▸ YOUR GOAL:
Give back every line of the material exactly. Skip the pictures.

▸ INFORMATION PROVIDED:
++++++++

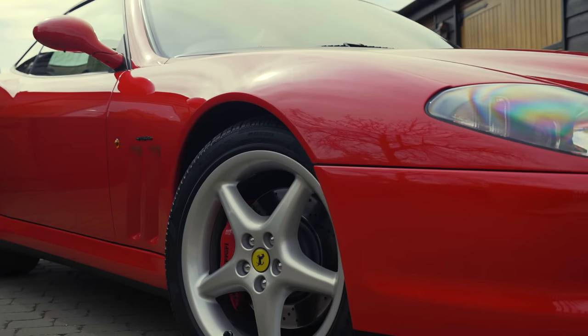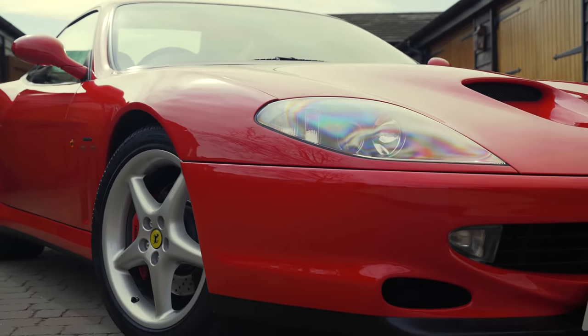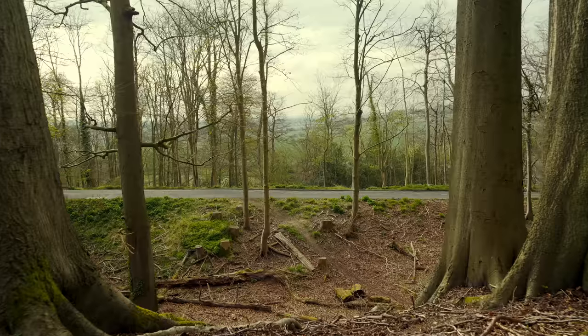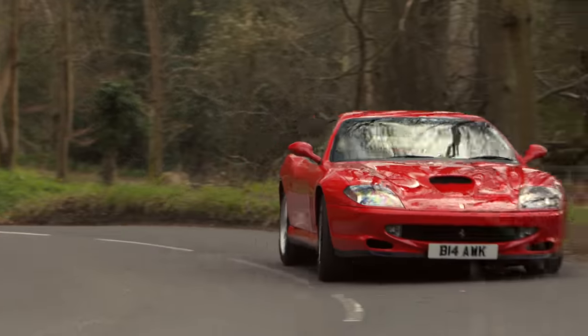Tipping the scales at nearly 1,700 kilos, the Maranello weighs about half a metric ton more than an F40, and around 300 kilos more than the Daytona. And yet the 550 seems to shrug off its mass almost miraculously, both in a straight line and in the corners.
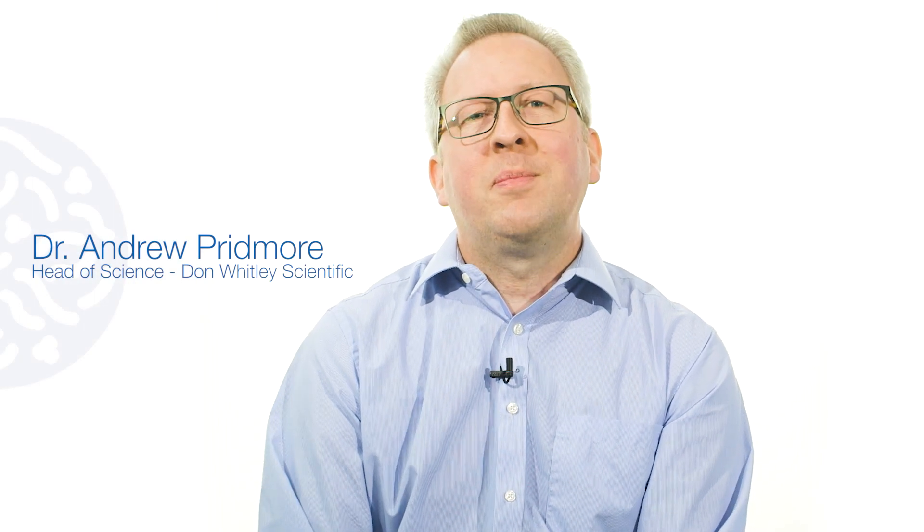I'm Andrew Pridmore, Head of Science at Don Whitley Scientific. I have two main areas of responsibility: scientific support of the company's products and the management of our in-house microbiology laboratory.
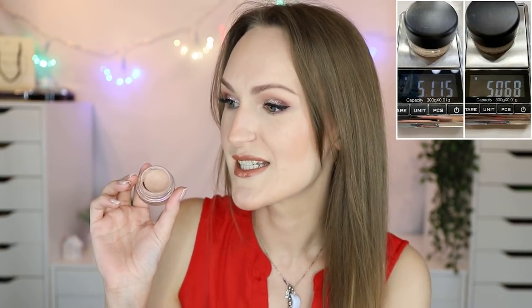The MAC Painterly Paint Pot — I dropped and broke it. This was 51.15 grams, now 50.68 grams. It was 55.37 grams when I introduced it, so I've used just under five grams — specifically 4.69 grams — all year, which is pretty good. But this is problematic: there's still quite a bit of product, maybe half or just under half remaining.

++++++++

▸ SOLUTION FOR THIS PROBLEM:
Tipping the scales at nearly 1,700 kilos, the Maranello weighs about half a metric ton more than an F40, and around 300 kilos more than the Daytona. And yet the 550 seems to shrug off its mass almost miraculously, both in a straight line and in the corners.
I'm Andrew Pridmore, Head of Science at Don Whitley Scientific. I have two main areas of responsibility: scientific support of the company's products and the management of our in-house microbiology laboratory.
The MAC Painterly Paint Pot — I dropped and broke it. This was 51.15 grams, now 50.68 grams. It was 55.37 grams when I introduced it, so I've used just under five grams — specifically 4.69 grams — all year, which is pretty good. But this is problematic: there's still quite a bit of product, maybe half or just under half remaining.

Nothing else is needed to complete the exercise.